A data center should not be judged only by whether it hosts AI. It should be judged like infrastructure: what does it cost, what does it enable, who benefits, who pays, and what could have been designed better?
The debate gets more useful when we judge AI data centers as specific infrastructure projects, not as one giant category.
A responsible facility in a cold region with clean power, closed-loop cooling, flexible workloads, heat reuse, transparent reporting, and local benefits is a different thing from a rushed facility that strains a fossil-heavy grid, consumes scarce water, raises local rates, and hides behind vague sustainability claims. Same category. Very different reality.
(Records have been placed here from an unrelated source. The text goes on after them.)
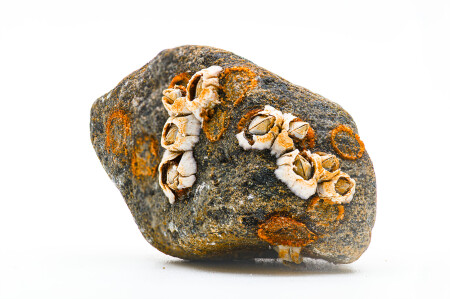 раковины на камне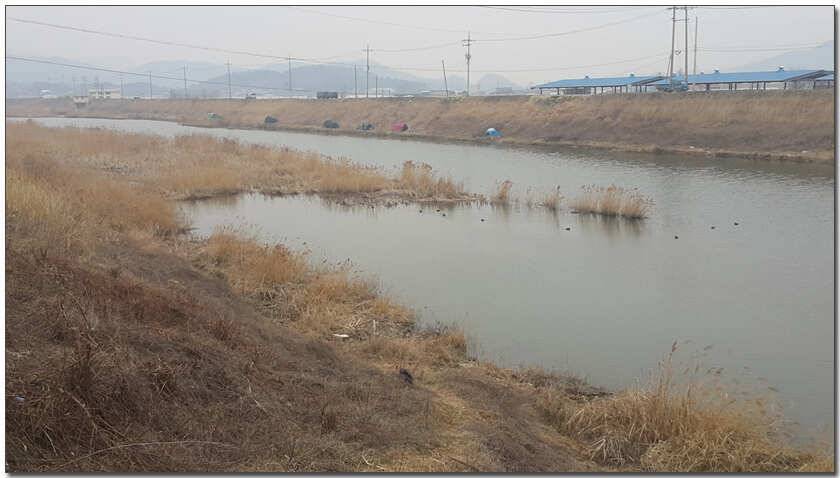 칠곡 성주권 조황및 분석 (조황조행기 - 낚시점조황)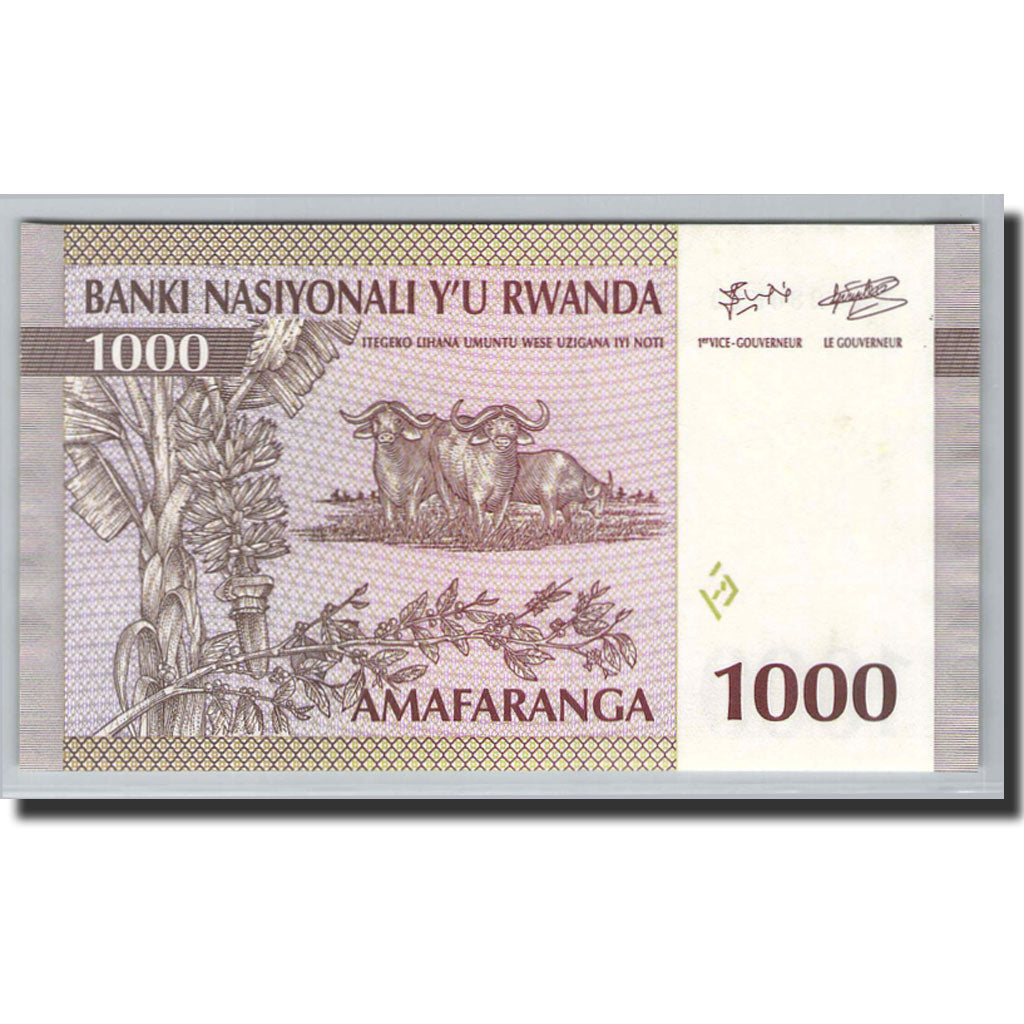 Banknote, Rwanda, 1000 Francs, 1994, 1994-12-01, KM:24a, UNC(65-70)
That is the rational optimist version of this argument. Do not pretend the costs are fake. Do not treat every cost as a reason to quit. Put the problems on the table, design around them, and make companies prove the project works for the grid, the water system, and the community around it.
AI infrastructure is probably coming either way. Canada can work toward projects that bring economic benefit while improving power, cooling, heat reuse, and accountability, or watch that investment go somewhere else. The better response is not reflexive approval or reflexive opposition. It is to get serious about what good data centers should look like, then make companies meet that bar.